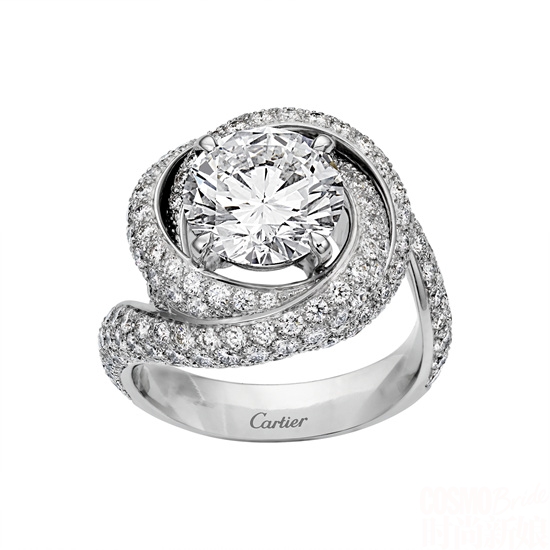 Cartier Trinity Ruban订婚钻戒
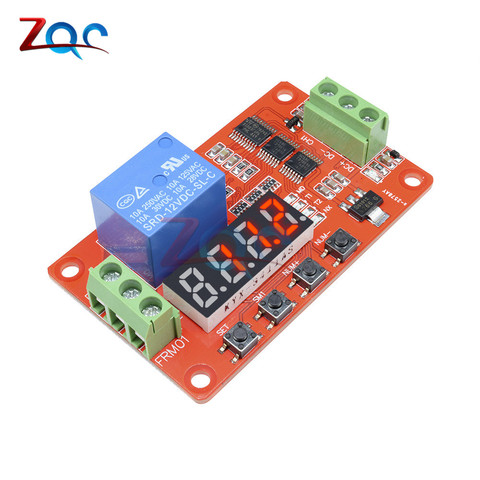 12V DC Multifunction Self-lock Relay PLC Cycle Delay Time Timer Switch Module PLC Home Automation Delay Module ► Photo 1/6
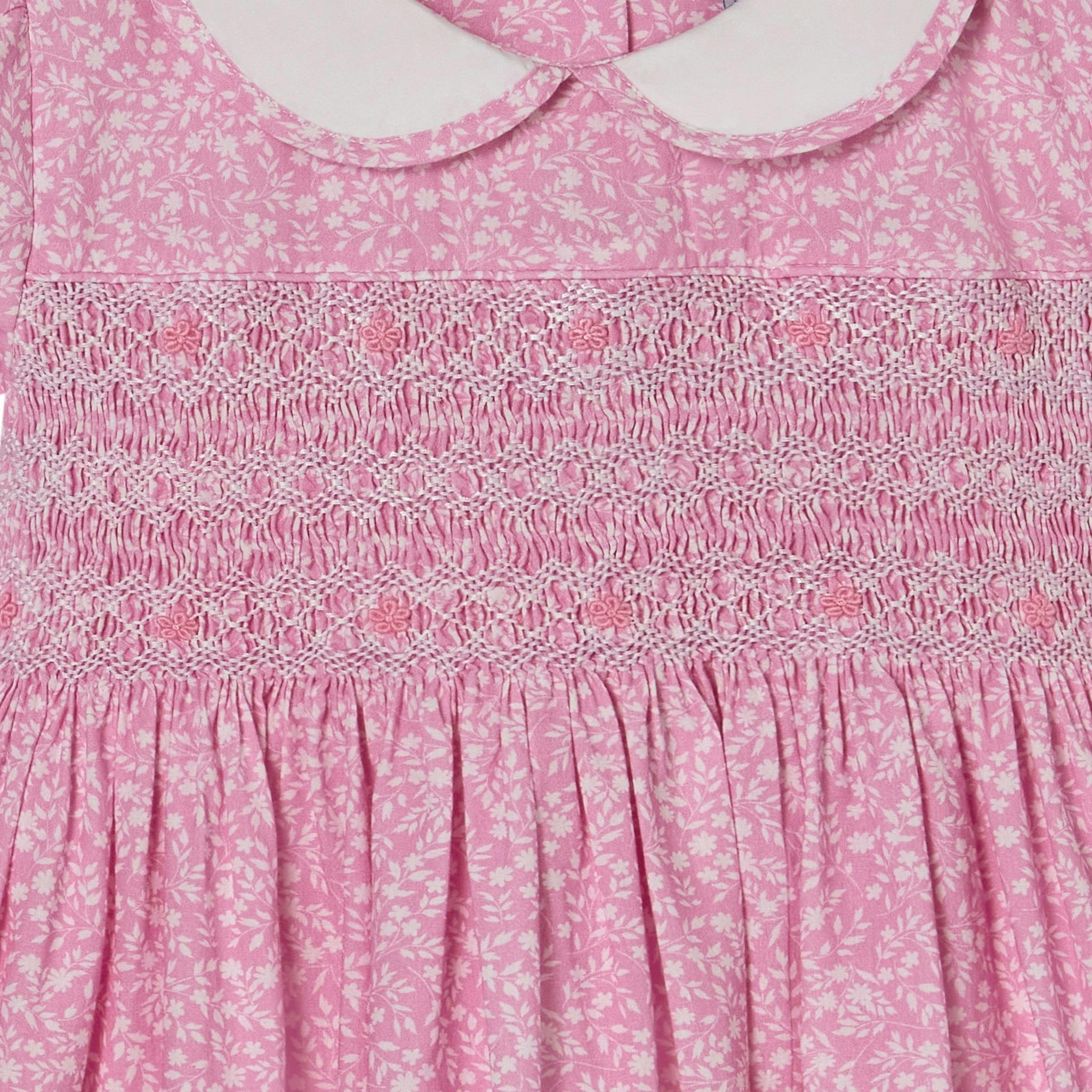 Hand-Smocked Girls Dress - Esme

[TASK INSTRUCTIONS] With the pictures set aside, write out the whole listing exactly.

[OUTPUT FOR THIS TASK]
 Cartier Trinity Ruban订婚钻戒
 12V DC Multifunction Self-lock Relay PLC Cycle Delay Time Timer Switch Module PLC Home Automation Delay Module ► Photo 1/6
 Hand-Smocked Girls Dress - Esme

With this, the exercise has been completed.